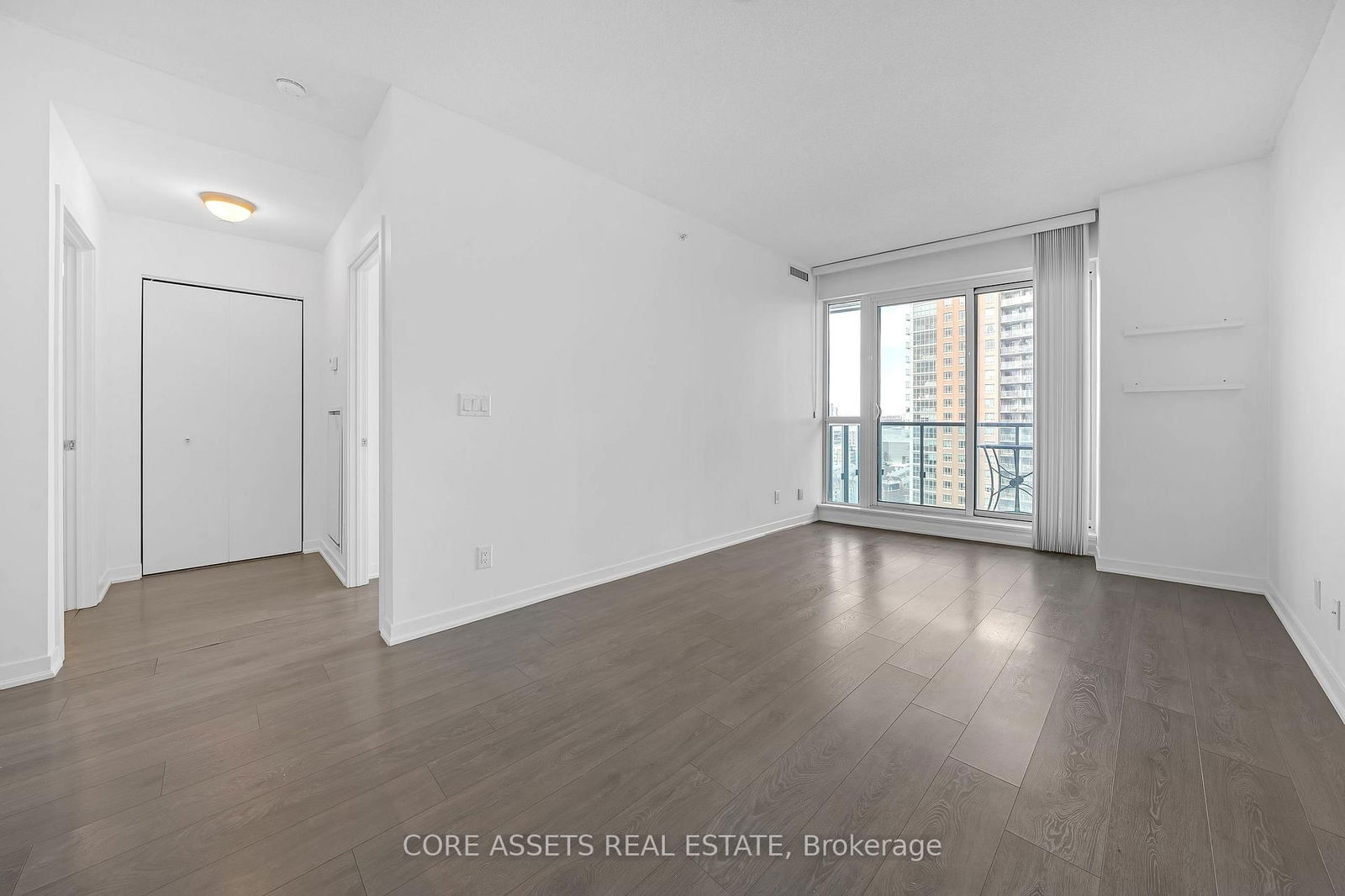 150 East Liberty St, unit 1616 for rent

---

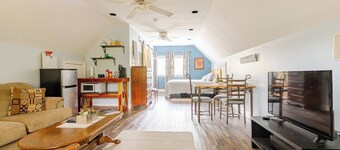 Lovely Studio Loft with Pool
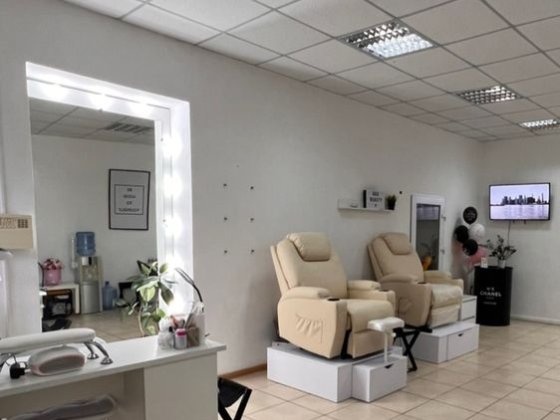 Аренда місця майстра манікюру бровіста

→ Task to complete
Copy out exactly the material that runs from the line with "Lovely Studio Loft with Pool" to the line with "Аренда місця майстра манікюру бровіста", ends included, and leave the pictures behind.

→ Solved exercise
 Lovely Studio Loft with Pool
 Аренда місця майстра манікюру бровіста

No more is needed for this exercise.